Thursday, May 28, 2009

Banking exchange traded funds offer good upside

Banking remains one of the core sectors of the Indian economy that has been benefiting from the overall growth in the economy. Investors keen to invest in banking sectors have chosen mutual fund route for a long period of time. Among the actively managed funds, there are too many options to choose from and there is no performance guarantee like any other mutual fund scheme.
There is a segment of investors that opts to park their funds in the exchange traded funds (ETF) that track CNX Bank Index. These investors have benefited on two parameters. First: returns. Second: the flexibility and quantum of transactions these exchange-traded funds offer.
There are two offerings in the market that offer this option. Banking BeES is an ETF that comes from Benchmark AMC. The scheme was launched in May 2004 and aims to track CNX Bank Index with Rs 107 crore worth of assets under management, as of April 31, 2009. The fund has delivered 25.47% annualised returns since launch. Formidable player in the industry – Reliance AMC – has Reliance Banking ETF, which was launched recently in May 2008, has Rs10.02 crore under management as of April 31, 2009.
The two funds are doing well for some time now in sync with the booming underlying CNX Bank Index and have delivered more than 80% over last three months. The only difference that one may come across is the ‘expense ratio’ of both the funds. Benchamark Bank ETF (BeES) has an expense ratio of 0.5% whereas its relatively new counterpart from Reliance AMC stands at 0.35% on annualised basis.
Expense ratio means a measure of what it costs an investment company to operate a mutual fund. Says Rahul Amritlal, analyst with a financial planning firm, “Even though exchange traded funds have offered good returns, investors should keep a tab of the quantum of transactions these funds see on daily basis, while transacting in exchange traded funds.” While BeES sees in excess of 1000 units traded everyday, Reliance Bank ETF experiences much less transactions thanks to the small asset base.

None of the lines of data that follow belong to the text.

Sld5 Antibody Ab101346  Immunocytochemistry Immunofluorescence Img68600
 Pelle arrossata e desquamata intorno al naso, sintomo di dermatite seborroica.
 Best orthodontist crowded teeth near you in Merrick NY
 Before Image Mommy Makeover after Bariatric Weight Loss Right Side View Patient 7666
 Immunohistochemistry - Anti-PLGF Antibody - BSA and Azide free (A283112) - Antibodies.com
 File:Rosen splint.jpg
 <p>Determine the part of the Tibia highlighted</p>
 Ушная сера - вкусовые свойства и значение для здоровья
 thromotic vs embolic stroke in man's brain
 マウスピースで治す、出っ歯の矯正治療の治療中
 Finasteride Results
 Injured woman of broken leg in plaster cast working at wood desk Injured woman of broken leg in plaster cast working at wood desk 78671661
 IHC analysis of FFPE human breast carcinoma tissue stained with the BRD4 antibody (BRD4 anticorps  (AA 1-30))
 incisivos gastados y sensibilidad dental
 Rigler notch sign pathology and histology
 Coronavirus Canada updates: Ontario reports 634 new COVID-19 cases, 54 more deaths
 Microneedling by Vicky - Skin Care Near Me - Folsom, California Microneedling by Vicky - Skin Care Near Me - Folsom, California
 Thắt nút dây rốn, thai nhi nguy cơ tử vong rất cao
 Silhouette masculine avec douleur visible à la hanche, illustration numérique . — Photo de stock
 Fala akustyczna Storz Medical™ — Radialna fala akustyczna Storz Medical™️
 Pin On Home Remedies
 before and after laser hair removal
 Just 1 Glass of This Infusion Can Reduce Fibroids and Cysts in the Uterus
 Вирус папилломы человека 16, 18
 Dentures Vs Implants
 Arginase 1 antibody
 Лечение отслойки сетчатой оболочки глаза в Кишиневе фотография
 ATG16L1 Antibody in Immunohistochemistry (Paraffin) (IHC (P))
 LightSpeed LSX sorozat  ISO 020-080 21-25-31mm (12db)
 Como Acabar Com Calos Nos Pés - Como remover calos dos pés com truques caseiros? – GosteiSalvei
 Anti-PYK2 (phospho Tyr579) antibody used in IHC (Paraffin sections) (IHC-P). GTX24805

Not to mention of these funds’ dependence on the sector it maps. Hence, investors should take into account the factors that would sustain the growth of banking sector. The banking sector funds also carries the concentration risk, as the funds future is married with the performance of just one sector and there is no scope for diversification. While recommending actively managed funds over index funds a mutual fund analyst with a brokerage says, “Given the evolving nature of Indian stock markets, there is ample scope for outperformance by mutual funds. Hence it makes more sense to go for actively managed funds than the index funds.”